Stem cell studies signal new brawn in muscle maintenance


Colin King

Stem cell studies signal new brawn in muscle maintenance

By Assistant Sports & Health Editor

Like most components that make up human biology, stem cells lose steam over time. However, in two new studies scientists may have found ways to keep them replicating and functional for longer. These findings could lead to novel treatments in both age- and disease-related muscular degeneration.

The two papers, published alongside one another on Sept. 7 in the journal Nature Medicine, each focused on a different signaling pathway—a series of proteins that transmit signals from outside of a cell to the inside of a cell—affecting the regeneration of stem cells in skeletal muscle. One of the three major muscle types in the body, skeletal muscle is affected by aging and degenerative muscle-wasting diseases like muscular dystrophy, a genetic mutation expressed in every one in a few thousand male births, according to the National Institutes of Health.

To maintain skeletal muscle, whether in the face of aging or a degenerative disease, there are two main processes that need to happen, according to Alessandra Sacco, an assistant professor at the Sanford-Burnham Medical Research Institute where one of the two studies was performed.

“There is a need to have stem cells within the tissue that can actually repair the injured muscle when damage occurs,” Sacco said. “The [second process] is that these cells need to be able to generate mature muscle and differentiate into muscle fibers.” 

Differentiation is the process by which, when a stem cell divides, one of the copies specializes and enters the early stages of becoming a new kind of cell—in this instance, a skeletal muscle cell. Sacco’s team looked at a signaling protein called STAT3, which is released by cells  in response to injury and can trigger the expression of certain genes related to the early development of muscle fiber. STAT3 has been shown to sometimes aid in the regeneration of tissue and at other times hinder it.

Sacco said that in the case of muscular dystrophy, gene mutation makes muscle cell membranes very fragile. Over time these fragile fibers are easily damaged and require almost constant repair. After undergoing several cycles of degeneration and repair, stem cells become progressively more exhausted and are less effective at healing damaged tissue. Those who suffer from the disease can experience an inability to relax their muscles, difficulty with basic motor function and severe impairment.  

“Our goal was to try to understand whether a specific pathway like STAT3 could act selectively and tip the balance between those two processes,” Sacco said. 

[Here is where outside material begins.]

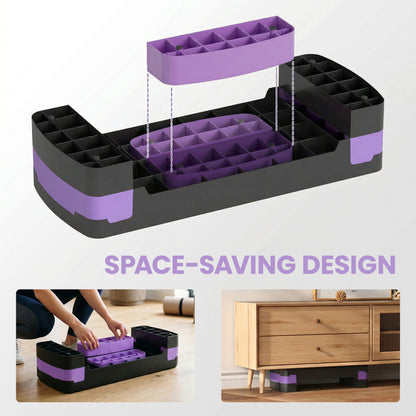 Soozier Aerobic Exercise Step Platform, 4"/6"/8" Adjustable Aerobic Stepper with Risers, Workout Stepper for Home Gym, Purple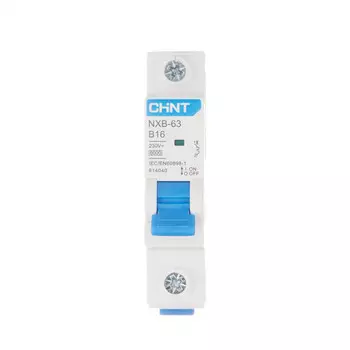 Автоматический выключатель модульный Chint NXB-63 1P 16А тип B 6 кА 230 В (814040)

When researchers introduced the inhibitor, made from molecules that bind to STAT3, they found that this binding prevented the protein from activating genes within the nuclei of cells that could otherwise suppress stem cell growth and the formation of new skeletal muscle tissue. Suppressing this pathway could help expand the muscle’s supply of stem cells and build new muscle fiber more efficiently. 

According to Alessandra Castiglioni, a post-doctoral fellow at Harvard University’s Stem Cell Institute, when there is injury in a skeletal muscle, immune cells are recruited to the site of the inflammation to clear debris from the damaged muscle fibers. The immune cells then begin to create an environment in which stem cells can begin the process of building new muscle. These stem cells have the ability to divide to create building blocks for new muscle fibers or to give rise to more stem cells that  can be set aside for later use.

“When a body or an organism ages, the normal physiology is altered and you start to lose muscle,” Castiglioni said. “One reason for this is that the stem cells are not able to continue reconstituting their supply so their numbers and functionality reduce with age.” 

Michael Rudnicki, a senior scientist, director of the regenerative medicine program at the Ottawa Hospital Research Institute and lead researcher for the second study, said his team isolated muscle stem cells from mice of varying ages and inserted them into younger mice to assess how their function declined with age. The researchers identified the activation of the so-called JAK-STAT pathway, which directs stem cells to divide and preferentially make new muscle fiber rather than replenishing stem cell reserves, as one of the major changes that occurs as with age.

“We found that this JAK-STAT pathway [has an influence] on this very early decision-making process,” Rudnicki said. 

When researchers applied a drug or genetic approach to inhibiting the activation of JAK-STAT, muscle stem cells regained their renewal and repair abilities. 

Rudnicki said a stem cell can divide in a variety of ways. It can give rise to two cells that are both dedicated to the development of new tissue, in which case the body’s supply of muscle stem cells depletes as the two new cells are redirected to build tissue rather than replenish reserves. A stem cell can also divide and produce two cells that are both stockpiled for later use, or one cell can be dedicated to each cause. 

The discovery of a way to inhibit the activation of the JAK-STAT pathway, and in turn determine which way stem cells will divide and how those new cells will be used, could help address the muscle deterioration that occurs with age.  

“I think stem cell research is  paving the road for regenerative medicine to enter the clinic,” Rudnicki said. “We’re arriving at a tilting point where, within our lifetimes, we’re going to transform the practice of medicine. If we can identify drugs that target and mobilize these cells in a specific way, then we will be able to greatly enhance the treatment of diseases for which we don’t have any treatment at this time.”